Qualcosa si sta muovendo a Pechino. Il tasso di cambio della valuta cinese è da anni al centro di un tormentato dibattito internazionale, che vede la Cina arroccarsi sulla difensiva, nei confronti di quanti le chiedono di rivalutare lo yuan, fissato a una parità troppo bassa, tale da distorcere il meccanismo di import-export in suo favore. La valuta cinese, infatti, non è lasciata al libero mercato, ma fissata dalle autorità monetarie di Pechino, sulla base di un paniere di indici non meglio specificati. E’ stato, però, di recente consentita un’oscillazione massima verso l’alto e il basso dello 0,5% giornaliero, al fine di ammorbire un pò la rigidità del cambio.
Ieri, però, Pechino ha deciso di rivalutare la propria moneta, portando il cambio con il dollaro a 6,399, che rappresenta un apprezzamento di oltre il 3% dall’inizio dell’anno in corso. La decisione si è resa necessaria, dopo la pubblicazione sia dei dati dell’inflazione cinese a luglio, ormai giunta al 6,5% su base annua, sia di quelli della bilancia commerciale americana, che complice la politica dei tassi zero, si attesta a un saldo rosso a giugno per oltre 53 miliardi di dollari, in crescita del 4,4% sullo stesso mese del 2010.

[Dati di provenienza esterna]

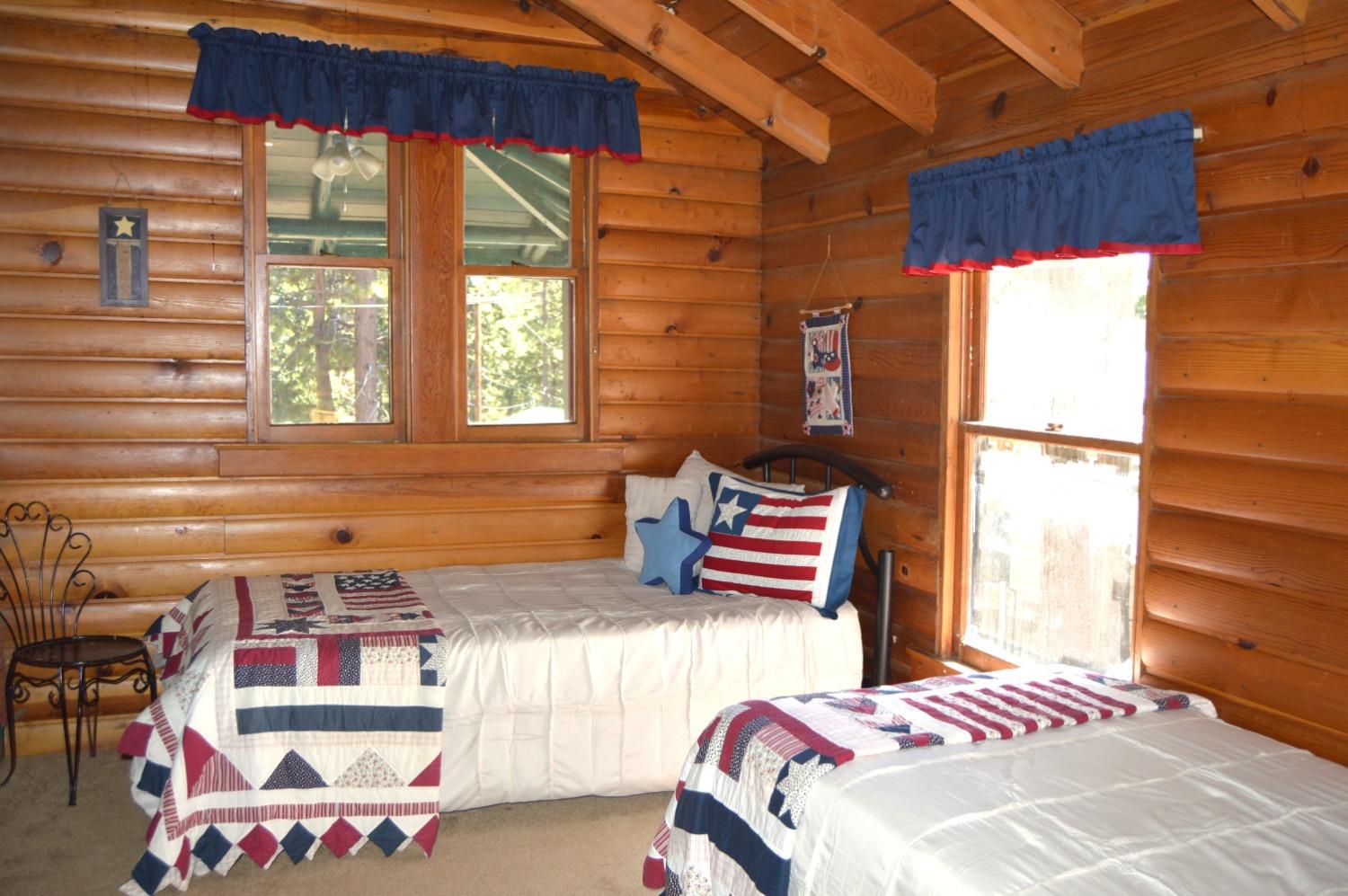 Detail Gallery Image 10 of 34 For 26156 Long Barn Rd, Long Barn,  CA 95335 - 5 Beds | 1/1 Baths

Ci sono, insomma, tutti gli elementi per potere portare il cambio al rialzo, cosa che potrebbe fare affluire minore valuta in Cina, calmierando i prezzi, e stabilire un maggiore equilibrio nell’interscambio commerciale, evitando di continuare a generare distorsioni in favore di una crescita “export-led”. Si attende ora un’ulteriore rivalutazione del cambio yuan contro dollaro entro fine anno, per circa l’1,5%.